[Excerpts from a dataset]
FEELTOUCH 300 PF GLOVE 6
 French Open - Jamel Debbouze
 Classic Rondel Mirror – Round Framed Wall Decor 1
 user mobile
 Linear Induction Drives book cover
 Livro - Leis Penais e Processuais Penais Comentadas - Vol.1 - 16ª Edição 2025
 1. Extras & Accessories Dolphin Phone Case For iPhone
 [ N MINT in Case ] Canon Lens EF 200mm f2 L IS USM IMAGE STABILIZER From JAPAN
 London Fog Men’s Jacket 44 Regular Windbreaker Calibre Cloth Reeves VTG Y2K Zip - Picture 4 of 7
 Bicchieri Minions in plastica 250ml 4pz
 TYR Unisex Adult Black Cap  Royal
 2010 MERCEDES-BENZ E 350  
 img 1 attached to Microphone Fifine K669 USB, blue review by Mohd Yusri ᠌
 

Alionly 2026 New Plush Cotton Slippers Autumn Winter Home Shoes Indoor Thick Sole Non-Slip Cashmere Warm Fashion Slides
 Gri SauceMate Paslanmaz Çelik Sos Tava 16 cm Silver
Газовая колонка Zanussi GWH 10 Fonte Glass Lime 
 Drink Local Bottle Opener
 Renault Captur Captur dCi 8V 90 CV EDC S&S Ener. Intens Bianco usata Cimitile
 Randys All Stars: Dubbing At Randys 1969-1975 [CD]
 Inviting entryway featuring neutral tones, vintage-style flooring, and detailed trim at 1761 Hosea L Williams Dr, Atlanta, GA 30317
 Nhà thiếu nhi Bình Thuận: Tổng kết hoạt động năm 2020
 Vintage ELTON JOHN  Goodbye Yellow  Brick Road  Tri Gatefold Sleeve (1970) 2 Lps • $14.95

### Exercise directions
Print out the data exactly once more.

### Task answer
FEELTOUCH 300 PF GLOVE 6
 French Open - Jamel Debbouze
 Classic Rondel Mirror – Round Framed Wall Decor 1
 user mobile
 Linear Induction Drives book cover
 Livro - Leis Penais e Processuais Penais Comentadas - Vol.1 - 16ª Edição 2025
 1. Extras & Accessories Dolphin Phone Case For iPhone
 [ N MINT in Case ] Canon Lens EF 200mm f2 L IS USM IMAGE STABILIZER From JAPAN
 London Fog Men’s Jacket 44 Regular Windbreaker Calibre Cloth Reeves VTG Y2K Zip - Picture 4 of 7
 Bicchieri Minions in plastica 250ml 4pz
 TYR Unisex Adult Black Cap  Royal
 2010 MERCEDES-BENZ E 350  
 img 1 attached to Microphone Fifine K669 USB, blue review by Mohd Yusri ᠌
 

Alionly 2026 New Plush Cotton Slippers Autumn Winter Home Shoes Indoor Thick Sole Non-Slip Cashmere Warm Fashion Slides
 Gri SauceMate Paslanmaz Çelik Sos Tava 16 cm Silver
Газовая колонка Zanussi GWH 10 Fonte Glass Lime 
 Drink Local Bottle Opener
 Renault Captur Captur dCi 8V 90 CV EDC S&S Ener. Intens Bianco usata Cimitile
 Randys All Stars: Dubbing At Randys 1969-1975 [CD]
 Inviting entryway featuring neutral tones, vintage-style flooring, and detailed trim at 1761 Hosea L Williams Dr, Atlanta, GA 30317
 Nhà thiếu nhi Bình Thuận: Tổng kết hoạt động năm 2020
 Vintage ELTON JOHN  Goodbye Yellow  Brick Road  Tri Gatefold Sleeve (1970) 2 Lps • $14.95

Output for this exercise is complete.